Будь он музыкантом или художником, оценить его талант было бы проще. То, что ей сразу пришло в голову и о чём она, будучи умной женщиной, не сказала вслух, означало ни много ни мало глубокую неудовлетворённость творческого самолюбия, когда не видишь плоды своего труда многократно умноженными, в непосредственной близости от тебя играющими яркими красками признаний, благоухающими тонкими ароматами восхищений, что подбадривают бравурным звучанием аплодисментов, растворённых в гордой зависти иных и являющих тот сладкий привкус величия, который единственно и даёт тебе право считать себя непревзойдённой личностью. Нет, он не был актёром – он являлся великим тружеником. Она живо представляла себе, как у него кипели мозги, как он дёргался во сне в своих видениях, как снисходил до обычных приветствий по утрам, казавшихся ему бытовым убожеством, но непременно каждый раз воспроизводимых им, чтобы только не касались его мыслями о каком-то там диком невежестве. Это ли он хмурый и невесёлый! Вы ещё не видели его хмурым, как говорил однажды Штирлиц. Он скрывал свои заботы и чаяния, но та невыносимая карикатура, которой они выливались наружу, на всеобщее обозрение, не давала покоя ни ей, ни ему самому. Необходимо было делиться внутренним, необходимо было описывать то, что не можешь описать, – в этом было главное мучение. Она давно поняла этого милого зазнайку, настоящего гения предубеждений, славного баловня судьбы, приравнявшего свой безусловный талант к великой поступи человечества. Но если он наслаждался любовью без вдохновения, если носил иногда маску неприкасаемого, то, значит, действительно был озабочен мыслями, касающимися жизненно важных вещей.

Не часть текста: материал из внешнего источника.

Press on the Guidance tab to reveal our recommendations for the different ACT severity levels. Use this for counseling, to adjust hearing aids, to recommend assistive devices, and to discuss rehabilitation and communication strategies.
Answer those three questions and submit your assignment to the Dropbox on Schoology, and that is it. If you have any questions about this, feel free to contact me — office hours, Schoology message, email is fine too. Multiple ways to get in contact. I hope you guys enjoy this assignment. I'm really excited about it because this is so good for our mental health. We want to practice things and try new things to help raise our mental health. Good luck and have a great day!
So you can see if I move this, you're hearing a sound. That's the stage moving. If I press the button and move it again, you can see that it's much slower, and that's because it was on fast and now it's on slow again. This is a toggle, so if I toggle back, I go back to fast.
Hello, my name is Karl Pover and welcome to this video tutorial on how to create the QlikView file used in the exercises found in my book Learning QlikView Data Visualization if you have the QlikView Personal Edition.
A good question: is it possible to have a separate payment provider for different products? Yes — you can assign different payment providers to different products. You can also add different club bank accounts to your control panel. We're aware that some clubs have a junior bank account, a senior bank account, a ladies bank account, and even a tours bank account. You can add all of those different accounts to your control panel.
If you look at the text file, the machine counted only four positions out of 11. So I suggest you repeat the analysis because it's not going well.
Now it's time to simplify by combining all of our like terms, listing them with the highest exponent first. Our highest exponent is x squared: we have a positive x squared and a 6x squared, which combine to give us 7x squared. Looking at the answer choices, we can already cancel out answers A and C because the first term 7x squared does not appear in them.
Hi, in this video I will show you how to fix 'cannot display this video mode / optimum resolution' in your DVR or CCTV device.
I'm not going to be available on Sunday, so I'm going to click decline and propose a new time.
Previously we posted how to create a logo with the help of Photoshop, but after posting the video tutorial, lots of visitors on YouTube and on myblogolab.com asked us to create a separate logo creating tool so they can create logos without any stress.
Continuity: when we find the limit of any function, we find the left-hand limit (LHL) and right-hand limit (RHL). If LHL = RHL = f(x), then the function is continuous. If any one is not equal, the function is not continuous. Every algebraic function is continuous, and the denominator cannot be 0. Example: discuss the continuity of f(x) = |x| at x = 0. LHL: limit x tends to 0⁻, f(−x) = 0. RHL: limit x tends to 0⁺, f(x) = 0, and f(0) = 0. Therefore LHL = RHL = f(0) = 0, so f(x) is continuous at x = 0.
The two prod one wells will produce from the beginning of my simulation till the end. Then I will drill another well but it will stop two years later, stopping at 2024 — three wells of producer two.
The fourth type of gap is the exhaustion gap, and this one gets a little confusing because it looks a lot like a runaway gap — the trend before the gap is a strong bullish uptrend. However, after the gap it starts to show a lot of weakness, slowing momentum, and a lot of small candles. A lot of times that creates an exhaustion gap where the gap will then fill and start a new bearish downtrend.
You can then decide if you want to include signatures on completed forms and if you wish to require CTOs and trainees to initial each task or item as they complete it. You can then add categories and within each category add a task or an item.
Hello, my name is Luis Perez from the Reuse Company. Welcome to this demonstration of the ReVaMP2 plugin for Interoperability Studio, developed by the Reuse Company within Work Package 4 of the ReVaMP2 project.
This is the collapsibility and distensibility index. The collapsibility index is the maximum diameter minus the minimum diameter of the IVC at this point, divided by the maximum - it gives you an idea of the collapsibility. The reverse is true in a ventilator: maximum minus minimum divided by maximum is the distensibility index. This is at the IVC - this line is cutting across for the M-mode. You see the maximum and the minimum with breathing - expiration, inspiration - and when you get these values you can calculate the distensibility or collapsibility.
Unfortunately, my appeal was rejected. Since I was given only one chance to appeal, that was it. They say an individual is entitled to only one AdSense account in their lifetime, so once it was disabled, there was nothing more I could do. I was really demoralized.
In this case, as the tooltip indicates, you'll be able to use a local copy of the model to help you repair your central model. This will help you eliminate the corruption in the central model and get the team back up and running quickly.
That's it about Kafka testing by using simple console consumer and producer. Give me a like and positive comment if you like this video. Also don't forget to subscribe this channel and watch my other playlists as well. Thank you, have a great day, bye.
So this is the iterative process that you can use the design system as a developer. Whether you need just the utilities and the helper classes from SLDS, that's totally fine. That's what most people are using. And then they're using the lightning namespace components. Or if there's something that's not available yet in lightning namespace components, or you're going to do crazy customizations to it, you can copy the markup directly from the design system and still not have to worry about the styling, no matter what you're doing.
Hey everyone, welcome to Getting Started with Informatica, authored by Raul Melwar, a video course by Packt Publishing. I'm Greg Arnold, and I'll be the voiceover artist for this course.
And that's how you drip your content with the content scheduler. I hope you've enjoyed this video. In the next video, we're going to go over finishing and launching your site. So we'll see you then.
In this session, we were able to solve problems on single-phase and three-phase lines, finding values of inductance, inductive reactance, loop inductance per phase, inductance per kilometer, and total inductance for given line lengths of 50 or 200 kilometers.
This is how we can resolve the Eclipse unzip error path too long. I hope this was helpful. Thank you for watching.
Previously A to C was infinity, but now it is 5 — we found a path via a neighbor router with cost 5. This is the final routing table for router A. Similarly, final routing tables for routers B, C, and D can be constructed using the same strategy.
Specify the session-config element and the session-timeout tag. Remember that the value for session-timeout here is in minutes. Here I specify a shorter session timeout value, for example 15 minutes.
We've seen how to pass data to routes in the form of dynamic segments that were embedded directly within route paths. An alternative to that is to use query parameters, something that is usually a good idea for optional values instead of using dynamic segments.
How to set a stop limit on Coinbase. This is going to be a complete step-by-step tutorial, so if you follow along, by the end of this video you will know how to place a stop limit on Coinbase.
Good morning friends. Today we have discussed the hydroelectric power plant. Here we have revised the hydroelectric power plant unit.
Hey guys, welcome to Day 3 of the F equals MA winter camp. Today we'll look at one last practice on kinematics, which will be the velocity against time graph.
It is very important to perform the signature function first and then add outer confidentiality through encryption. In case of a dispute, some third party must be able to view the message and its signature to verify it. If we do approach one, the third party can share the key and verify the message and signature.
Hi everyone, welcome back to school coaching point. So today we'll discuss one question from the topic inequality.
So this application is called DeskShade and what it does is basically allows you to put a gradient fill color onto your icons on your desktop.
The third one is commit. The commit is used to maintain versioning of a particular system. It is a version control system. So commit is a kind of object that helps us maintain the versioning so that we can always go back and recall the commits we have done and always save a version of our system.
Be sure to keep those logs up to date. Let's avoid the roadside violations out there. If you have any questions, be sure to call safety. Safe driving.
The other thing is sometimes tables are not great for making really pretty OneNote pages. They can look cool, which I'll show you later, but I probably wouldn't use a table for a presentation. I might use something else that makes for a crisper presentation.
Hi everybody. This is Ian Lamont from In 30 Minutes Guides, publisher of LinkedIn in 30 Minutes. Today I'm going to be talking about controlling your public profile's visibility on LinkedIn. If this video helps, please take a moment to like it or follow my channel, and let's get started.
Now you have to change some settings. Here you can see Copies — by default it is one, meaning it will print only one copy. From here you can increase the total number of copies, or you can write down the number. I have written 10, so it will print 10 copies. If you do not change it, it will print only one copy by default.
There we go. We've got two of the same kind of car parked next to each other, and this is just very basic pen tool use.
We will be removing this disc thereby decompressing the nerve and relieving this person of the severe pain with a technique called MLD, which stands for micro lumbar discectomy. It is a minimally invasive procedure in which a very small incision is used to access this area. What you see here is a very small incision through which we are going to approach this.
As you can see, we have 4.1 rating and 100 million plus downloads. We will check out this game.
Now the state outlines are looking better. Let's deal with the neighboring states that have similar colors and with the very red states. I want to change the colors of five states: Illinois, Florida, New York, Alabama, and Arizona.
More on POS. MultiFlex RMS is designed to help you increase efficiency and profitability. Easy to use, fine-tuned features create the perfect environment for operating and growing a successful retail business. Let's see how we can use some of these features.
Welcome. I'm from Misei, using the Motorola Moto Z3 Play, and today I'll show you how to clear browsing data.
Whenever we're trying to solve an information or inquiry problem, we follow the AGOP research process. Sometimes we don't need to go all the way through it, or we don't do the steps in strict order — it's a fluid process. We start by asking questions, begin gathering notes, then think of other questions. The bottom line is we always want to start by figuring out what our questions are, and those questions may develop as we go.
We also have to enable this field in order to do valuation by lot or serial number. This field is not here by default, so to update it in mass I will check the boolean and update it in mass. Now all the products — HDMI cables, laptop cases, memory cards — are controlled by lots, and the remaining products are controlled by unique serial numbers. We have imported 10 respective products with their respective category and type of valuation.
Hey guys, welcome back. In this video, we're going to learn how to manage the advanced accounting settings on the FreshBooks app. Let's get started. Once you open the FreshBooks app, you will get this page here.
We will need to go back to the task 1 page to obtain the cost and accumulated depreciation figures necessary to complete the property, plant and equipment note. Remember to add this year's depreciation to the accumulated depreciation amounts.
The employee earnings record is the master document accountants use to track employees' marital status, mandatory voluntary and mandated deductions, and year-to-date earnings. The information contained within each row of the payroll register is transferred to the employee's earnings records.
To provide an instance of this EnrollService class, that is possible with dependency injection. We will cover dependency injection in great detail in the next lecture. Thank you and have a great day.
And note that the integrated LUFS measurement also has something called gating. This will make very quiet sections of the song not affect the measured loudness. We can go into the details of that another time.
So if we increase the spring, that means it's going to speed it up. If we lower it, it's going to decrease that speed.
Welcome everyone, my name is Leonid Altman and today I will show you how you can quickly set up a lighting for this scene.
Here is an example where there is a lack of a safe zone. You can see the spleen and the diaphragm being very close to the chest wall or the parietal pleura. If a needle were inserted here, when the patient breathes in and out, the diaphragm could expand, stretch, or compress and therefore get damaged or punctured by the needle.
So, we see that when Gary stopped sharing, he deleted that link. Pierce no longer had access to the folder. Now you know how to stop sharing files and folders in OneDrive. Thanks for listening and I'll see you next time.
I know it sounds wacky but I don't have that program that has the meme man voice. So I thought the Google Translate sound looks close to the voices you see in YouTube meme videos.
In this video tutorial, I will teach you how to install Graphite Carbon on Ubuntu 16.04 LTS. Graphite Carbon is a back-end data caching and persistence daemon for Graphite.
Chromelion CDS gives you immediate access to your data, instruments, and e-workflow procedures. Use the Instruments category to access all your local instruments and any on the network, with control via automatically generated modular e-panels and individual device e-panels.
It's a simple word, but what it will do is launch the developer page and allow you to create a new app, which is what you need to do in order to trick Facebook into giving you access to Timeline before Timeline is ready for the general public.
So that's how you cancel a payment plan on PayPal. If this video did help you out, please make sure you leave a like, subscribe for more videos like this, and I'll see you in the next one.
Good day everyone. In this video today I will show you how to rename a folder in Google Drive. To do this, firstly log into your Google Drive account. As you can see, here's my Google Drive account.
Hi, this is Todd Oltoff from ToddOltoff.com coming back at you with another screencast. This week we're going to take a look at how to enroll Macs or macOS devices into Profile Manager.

– Конечно, я вряд ли смогла бы ему чем-то помочь, – рассказывала Марина Виталию. – Советы постороннего никогда не приносят нужного эффекта, они могут только раздражать. Видимо, я ещё не успела стать в его жизни самым главным звеном.

– Дело не в этом… Возможно, мы представляли Олега по-разному. Но мне кажется следующее.

Виталий, в постоянном побуждении рассказать ей о своих подозрениях, до этого момента одёргивал себя, пресекая самолюбивые попытки нагрузить её излишней информацией, но теперь не смог.

– Каждый человек непроизвольно оценивает себя на предмет своих сильных и слабых сторон. В любом сообществе, в любой период, – продолжил он. – В этом мы мало отличаемся от животных, а там если ты не имеешь права выпендриваться, то подыхаешь всегда одним из первых. Застолбить место под солнцем можно только завоеваниями. Талант этому безусловное подспорье, активность тоже важна в какой-то степени. Но рано или поздно приходится делать широкие шаги, чтобы бить дилетантов по боку.

– Без этого никак?

– Я думаю, нет. Надо действительно расталкивать всех локтями, иначе тебя сомнут. Причём действовать так приходится и по дороге к великим свершениям, и на пути к спокойному счастью в тихой гавани. Но вот тогда по-настоящему и проявляются нравственные позиции человека, отвечающие за то, чтобы идти вперёд, но не опускаться до элементарной подлости.

– Ты так говоришь, будто подлость бывает неэлементарной.

– Иногда её умело скрывают, даже от самого себя, так что и не распознаешь её никак. И долгое время, а то и навсегда она так и остаётся необнаруженной.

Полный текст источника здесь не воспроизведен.